Todavía está fresca la conmemoración del Día Internacional del Trabajo, y como se ha hecho costumbre, es mínimo el espacio para la reflexión sobre las condiciones de dignidad en las que se desarrollan las actividades laborales, en parte por los intereses de algunos en que tales debates no prosperen, pero también por las formas lamentables en que derivan en vandalismo buena parte de las movilizaciones y protestas sociales de los trabajadores a lo largo y ancho del mundo. Ni la indiferencia ni el vandalismo van a conseguir establecer los diálogos que se requieren al respecto.
También está relativamente fresca la noticia del desplome de un edificio en Bangladesh, donde más de tres mil personas fueron forzadas a permanecer trabajando en deplorables condiciones -de seguridad y dignidad- a cambio de salarios paupérrimos, que han resultado ser la clave para la competitividad de la industria textil europea. Hasta hoy llegan noticias sobre búsqueda y detención de presuntos responsables, destituciones de funcionarios de los gobiernos locales e incremento en el número de víctimas fatales, que ya superan los 430.
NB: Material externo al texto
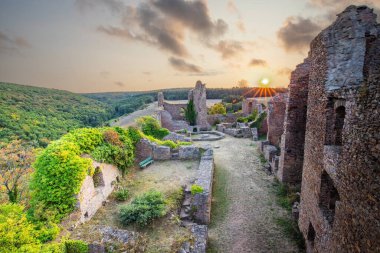 Şato harabelerinin üzerinde gün batımı, Almanya 'nın Palatinate Ormanı' ndaki yazdan kalma güzel manzara fotoğrafı.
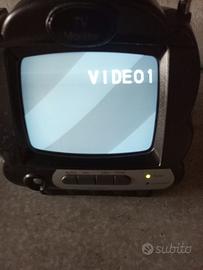 Piccolo TV con 2 funzioni monitor.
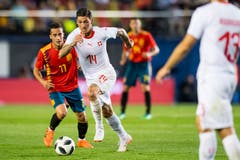 Spaniens Lucas Vazquez (links) kämpft um den Ball gegen den Schweizer Steven Zuber. (Bild: Keystone/Laurent Gillieron)
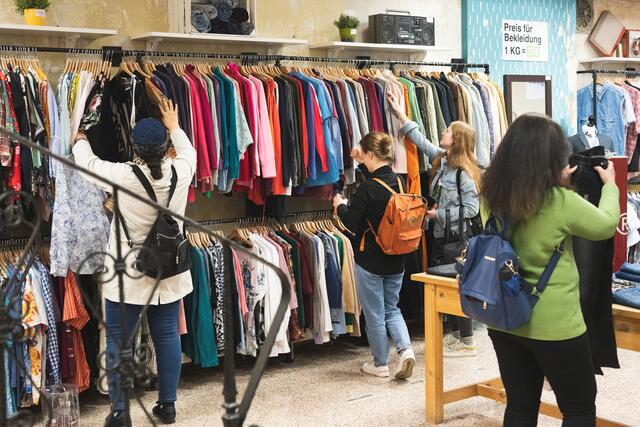 Im "Vintage Closet" gibt es eine bunte Auswahl an verschiedenster Bekleidung. (Symbolbild)  | Foto: Stefanie J. Steindl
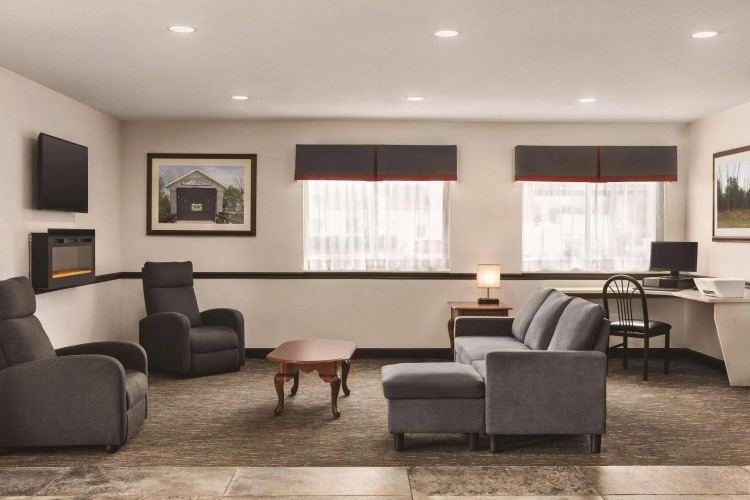 Holiday Inn Express Auburn
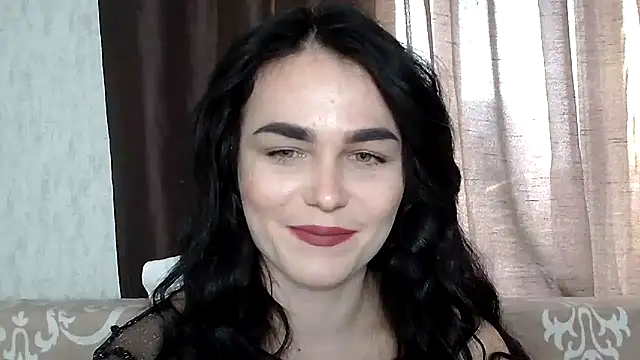 Snapshot of Silviaa chatting on 03-10-25, 03:09 Silviaa online show from 03-10-25, 03:09
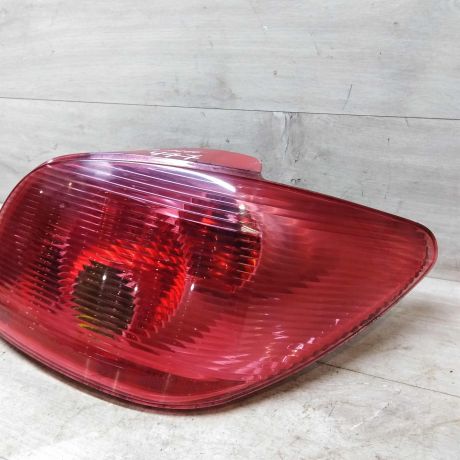 fonar-zadnii-pravyi-peugeot-307-do-rest-art-43508-big-1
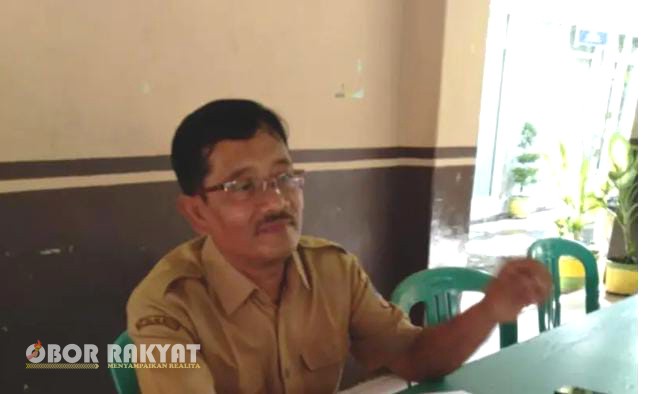 Banyuwangi, Obor Rakyat – Dugaan praktik pungutan liar (pungli) dalam pelaksanaan Program Pendaftaran Tanah Sistematis Lengkap (PTSL) mencuat di Desa Kalirejo, Kecamatan Kabat, Kabupaten Banyuwangi. Seorang warga melaporkan ketidakberesan dalam proses pengurusan sertifikat tanah yang beralih dari jalur reguler ke program PTSL, Rabu (9/09/2025).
Pero lamentablemente, estos hechos trágicos corren con la suerte de cualquier noticia, que gana vigencia por algunos días, pero al final se archiva sin que se hubiese dado el debate o la reflexión necesarias para que estas historias nunca se repitan.
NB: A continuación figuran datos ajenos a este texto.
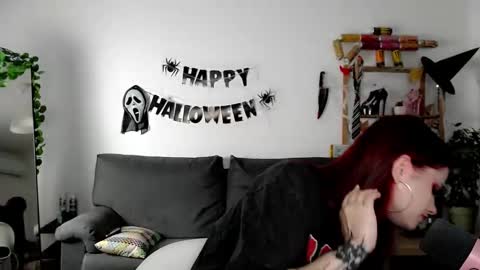 Snapshot of dellacrush_ chatting on 10.20.25 dellacrush_ online show from 10.20.25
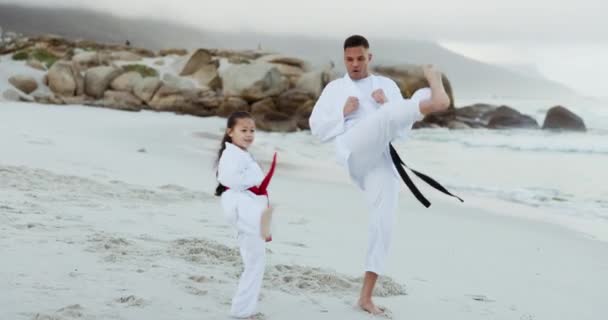 Beach Karate Fitness Father Daughter Together Outdoor Self Defense Workout — Stock Video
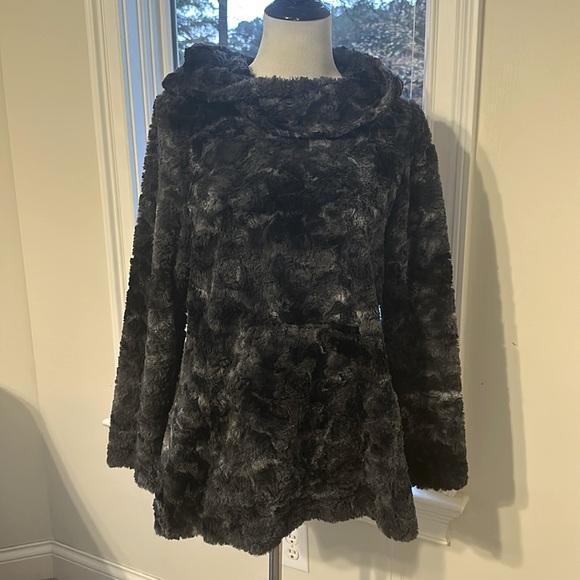 Pandemonium Seattle Faux Fur Pullover/hoody, Size Small, Like new - Picture 1 of 8
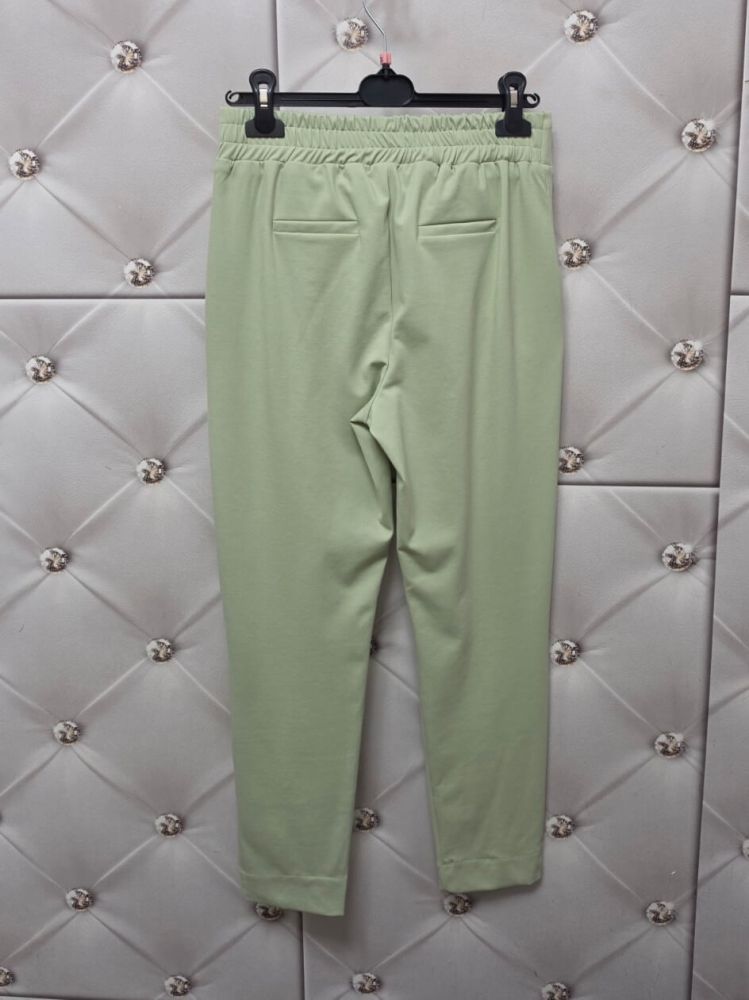 spodnie-cygaretki-novum-pistacjowe-elastyczne-z-troczkiem-7-8-damskie-eleganckie-wygodne-kieszenie-eleganckie-sportowe-polska-produkcja-wiskoza-elastan-butik-szykownia-12
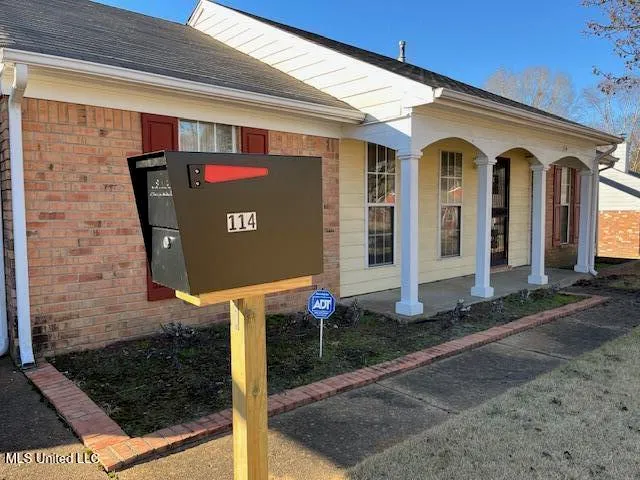 $195,500 | 114 Hunter Drive, Senatobia, MS 38668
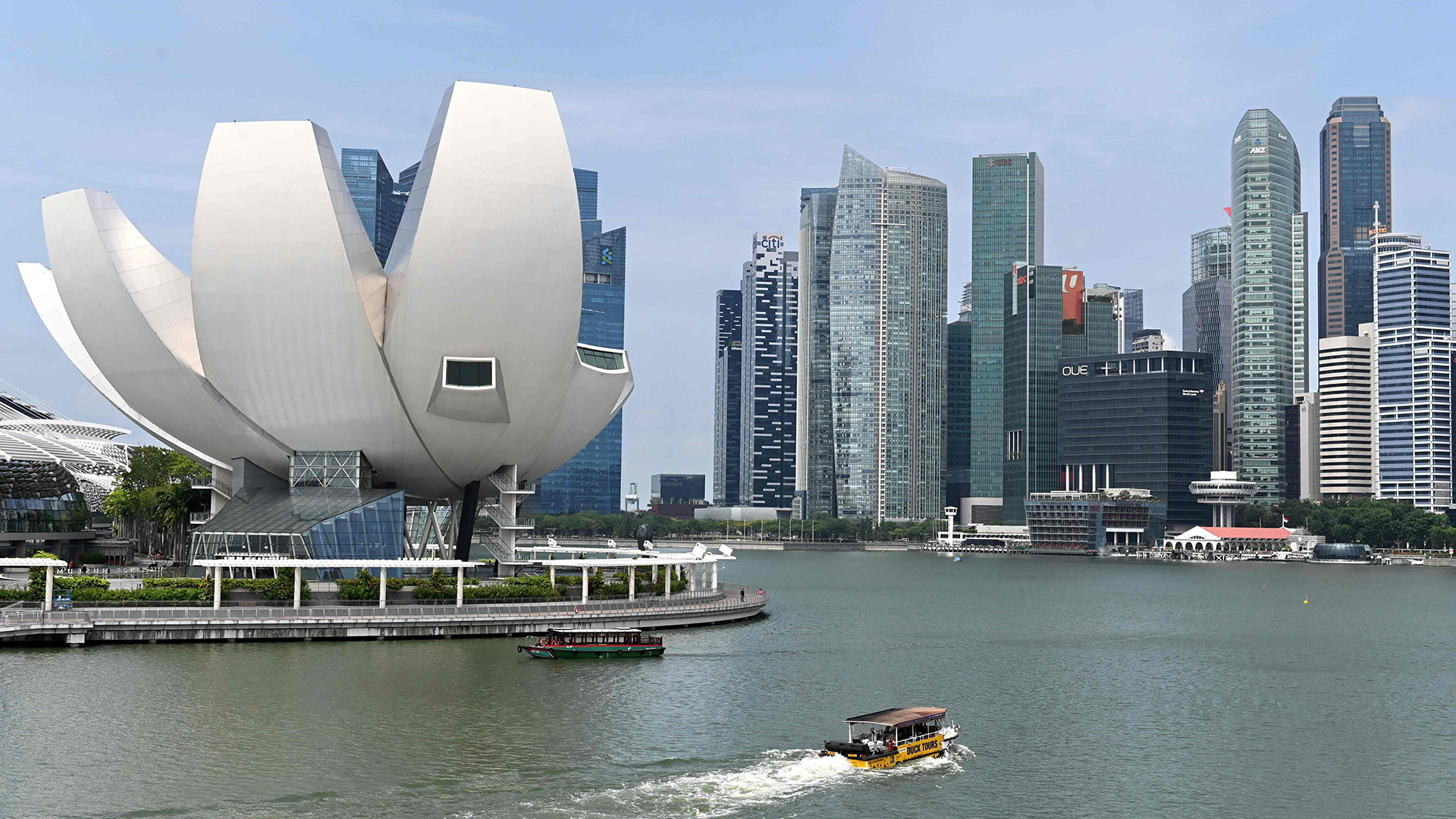 Die Skyline von Singapur mit dem ArtScience-Museum im Vordergrund | AFP
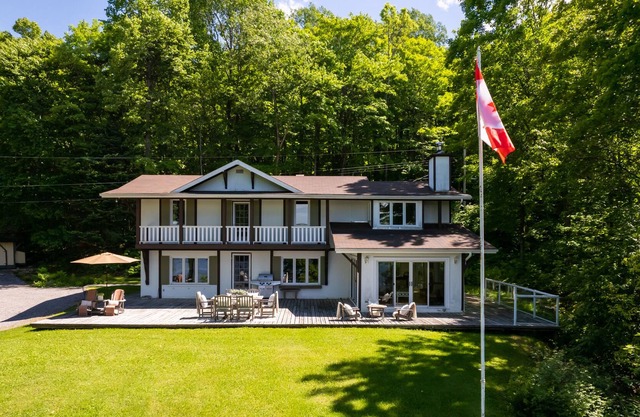 With nods to European & Tudor styling, Vana cottage is your intercontinental gem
Prueba de ello es la tragedia de la mina "La Preciosa", en Amagá, a mediados de 2010, que cerró con un lamentable saldo de 73 muertos, pero que apenas sumó víctimas a las que antes ya se habían registrado en la misma mina en cuatro accidentes en los últimos 20 años. Seguramente este capítulo doloroso no es recordado por la mayoría o al menos, con seguridad, no es tan recordado como el fenómeno mediático del rescate de los mineros chilenos apenas un par de meses después de la tragedia de Amagá.
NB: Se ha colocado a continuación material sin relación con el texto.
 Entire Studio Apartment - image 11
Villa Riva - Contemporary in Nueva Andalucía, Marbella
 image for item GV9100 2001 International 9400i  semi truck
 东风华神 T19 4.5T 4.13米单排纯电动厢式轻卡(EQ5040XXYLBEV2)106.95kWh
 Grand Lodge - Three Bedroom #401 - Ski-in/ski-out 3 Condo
Aunque no nos ha gustado nunca que se haya dividido a los pobladores del planeta en varios "mundos", y menos aún pertenecer al tercero de ellos, parece indudable que los hay. Hay un mundo que consume de manera desmedida, y que ya no repara en fronteras entre lo útil, lo necesario, lo extravagante o lo que simplemente hay que tener "para no estar al margen". En ese mundo no hay preocupación por lo que se gasta, porque hay estrategias para superar esos límites, y tampoco hay preocupación por lo que se desecha, porque simplemente va a un lugar donde se pierde de vista.
Hay otro mundo que produce todo lo que los anteriores demandan, pero además generan nuevas necesidades, para que se demande cada vez más. Este mundo ya no conoce fronteras, porque bien pueden poner en una tienda, al alcance de la mano, unas gemas de África, un aderezo de oro de Los Andes americanos y un abrigo ensamblado en Asia. Todo, al mínimo costo para ellos y a un precio de lujo para quien lo adquiere. Son los nuevos dueños del mundo, solo que estos quieren permanecer incógnitos.
Y hay un tercer mundo, el de los trabajadores, el de quienes se exponen a condiciones infrahumanas, el de los que renuncian a su descanso dominical, el de quienes trabajan hasta la medianoche, pero que ya no lo hacen en horas extras, simplemente porque ya no lo son, el de quienes deben cambiar su acento para hacer pensar que son parte de un sistema de mercado globalizado… el de nuestra gente y nuestros países. Lo de Bangladesh es el extremo de la tragedia derivada de la codicia y la explotación. Más cerca que ese extremo, pero todavía lejos de la dignidad y la justicia que deberían enmarcar cualquier trabajo, están muchos de nuestros trabajadores en minas, en plantas industriales e incluso en algunos de nuestros "Contact center", que lamentablemente son la única opción de muchos de nuestros conciudadanos.
Hace pocos días vi, dentro de la nueva promoción de país con la campaña "La respuesta es Colombia", que el nuestro es uno de los países que más protege la inversión extranjera. ¿Seremos también uno de los primeros en protección laboral? No conozco las cifras, pero sinceramente lo dudo.